··· DATA SUPPLIED ···
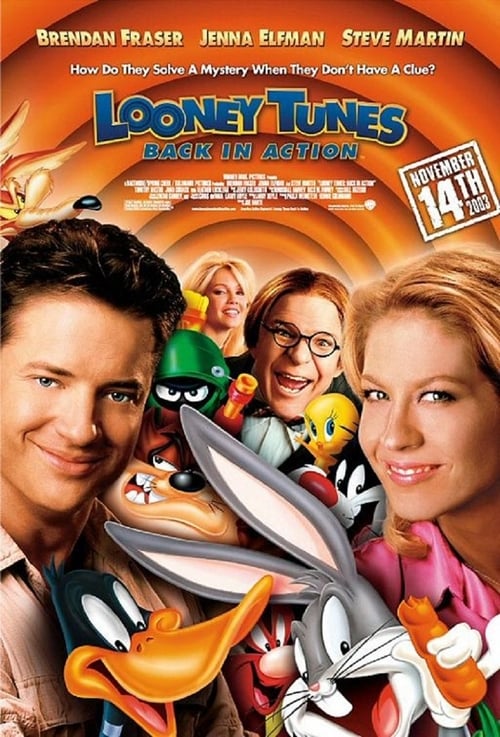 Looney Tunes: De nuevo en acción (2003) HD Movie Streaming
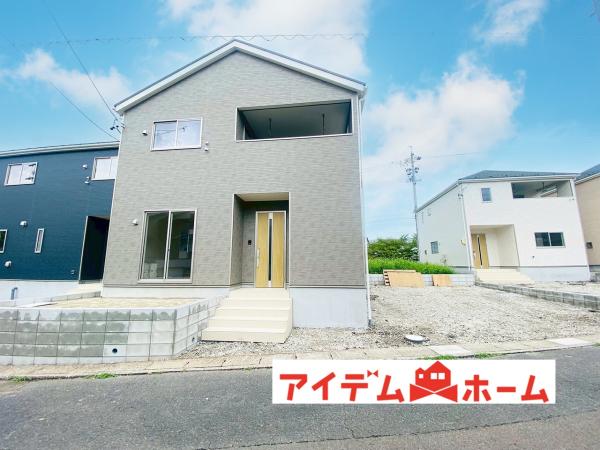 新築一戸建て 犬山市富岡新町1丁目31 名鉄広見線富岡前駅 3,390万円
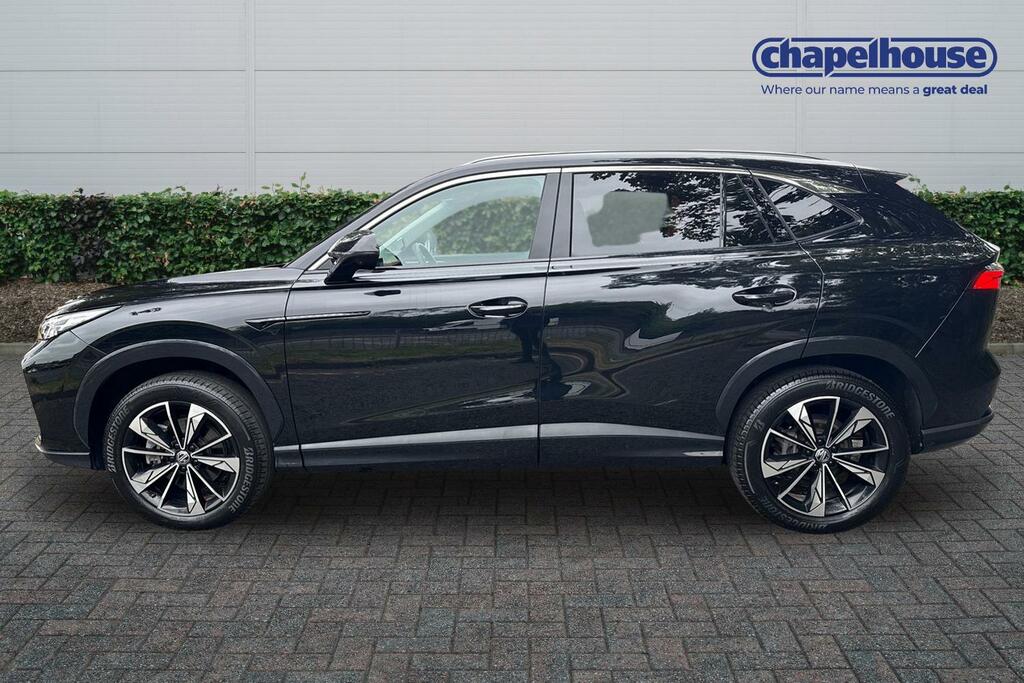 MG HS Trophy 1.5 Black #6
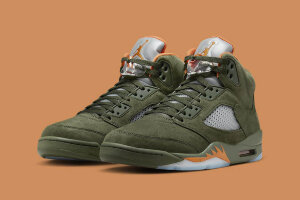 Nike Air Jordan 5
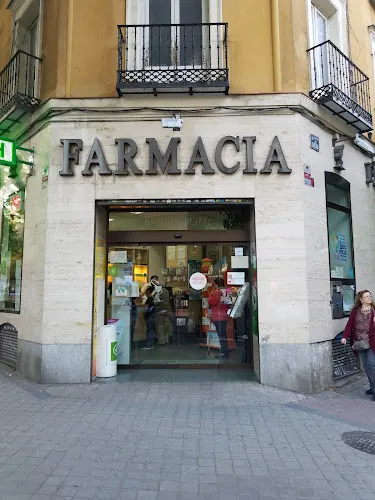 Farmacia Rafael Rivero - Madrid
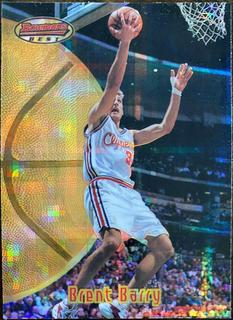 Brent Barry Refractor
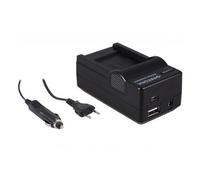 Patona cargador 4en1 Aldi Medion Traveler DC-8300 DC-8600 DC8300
···
··· DATA SUPPLIED ···
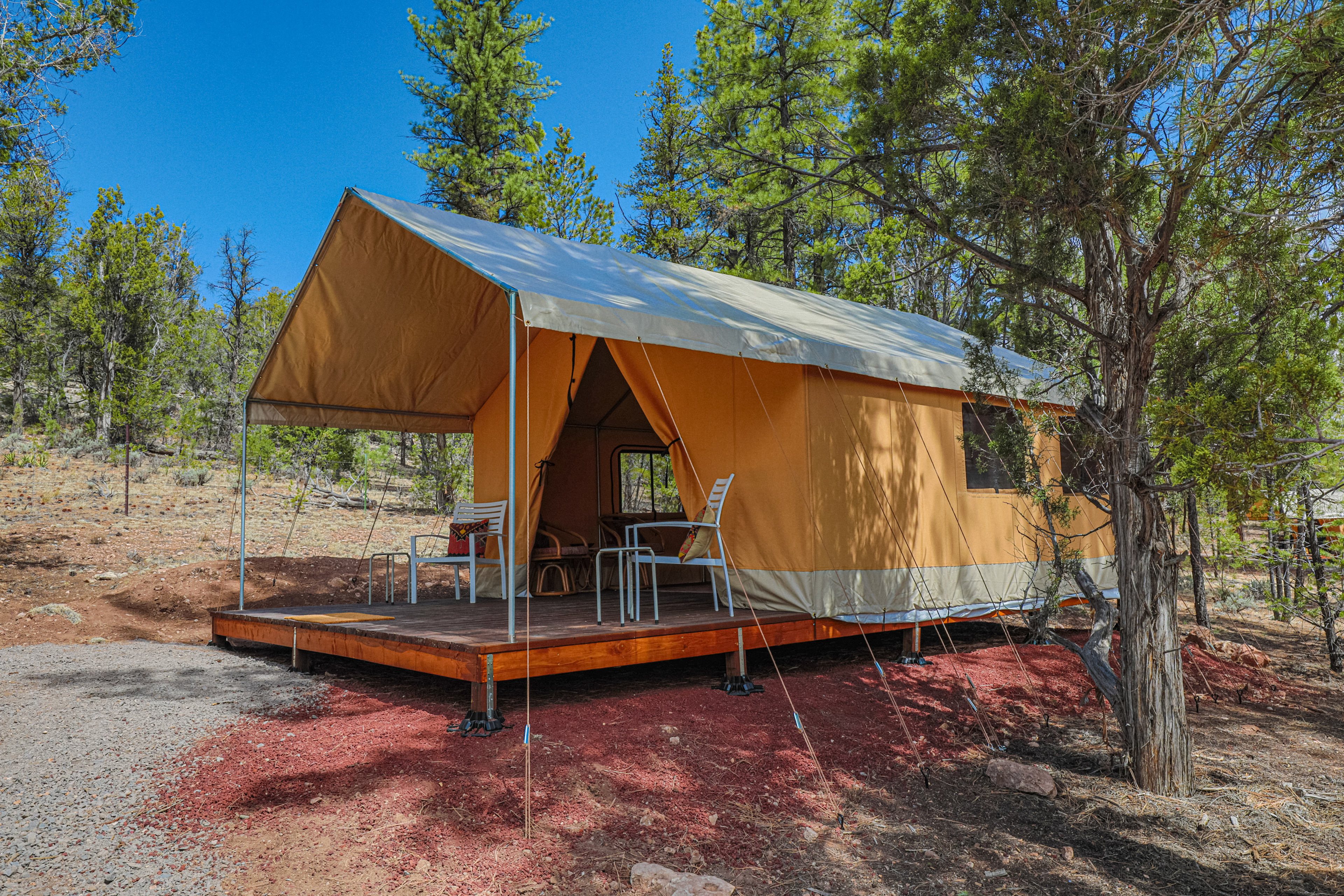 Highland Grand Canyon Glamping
···
··· DATA SUPPLIED ···
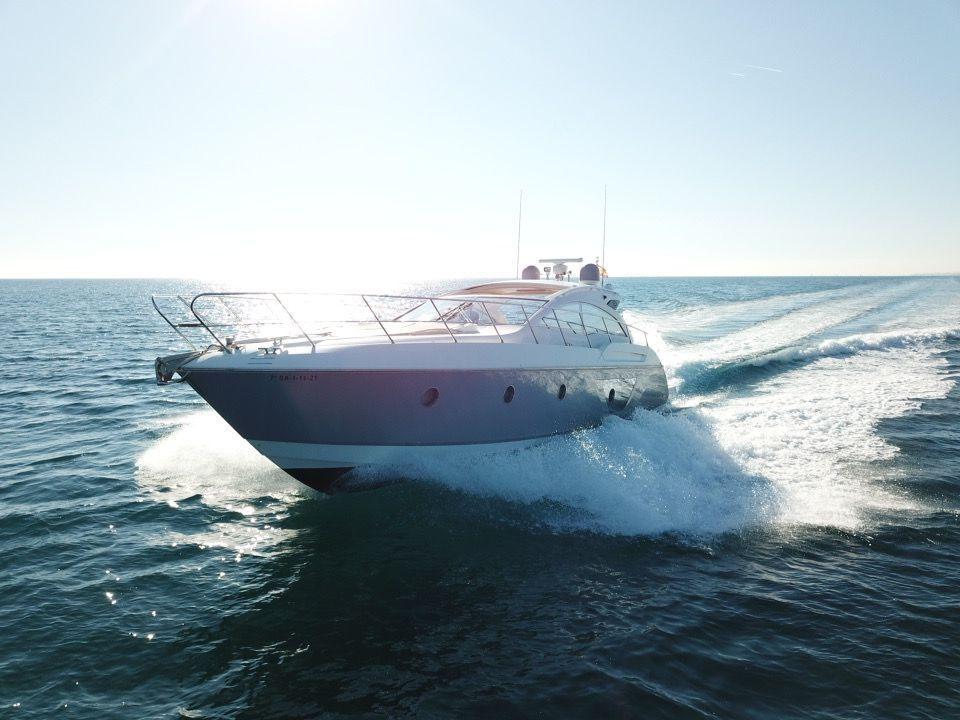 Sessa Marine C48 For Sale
···
■ PROBLEM:
When you reach the line that has "新築一戸建て 犬山市富岡新町1丁目31 名鉄広見線富岡前駅 3,390万円" in the data above, start repeating lines exactly, and stop after the line that has "Patona cargador 4en1"; pictures stay out.

■ REPLY:
 新築一戸建て 犬山市富岡新町1丁目31 名鉄広見線富岡前駅 3,390万円
 MG HS Trophy 1.5 Black #6
 Nike Air Jordan 5
 Farmacia Rafael Rivero - Madrid
 Brent Barry Refractor
 Patona cargador 4en1 Aldi Medion Traveler DC-8300 DC-8600 DC8300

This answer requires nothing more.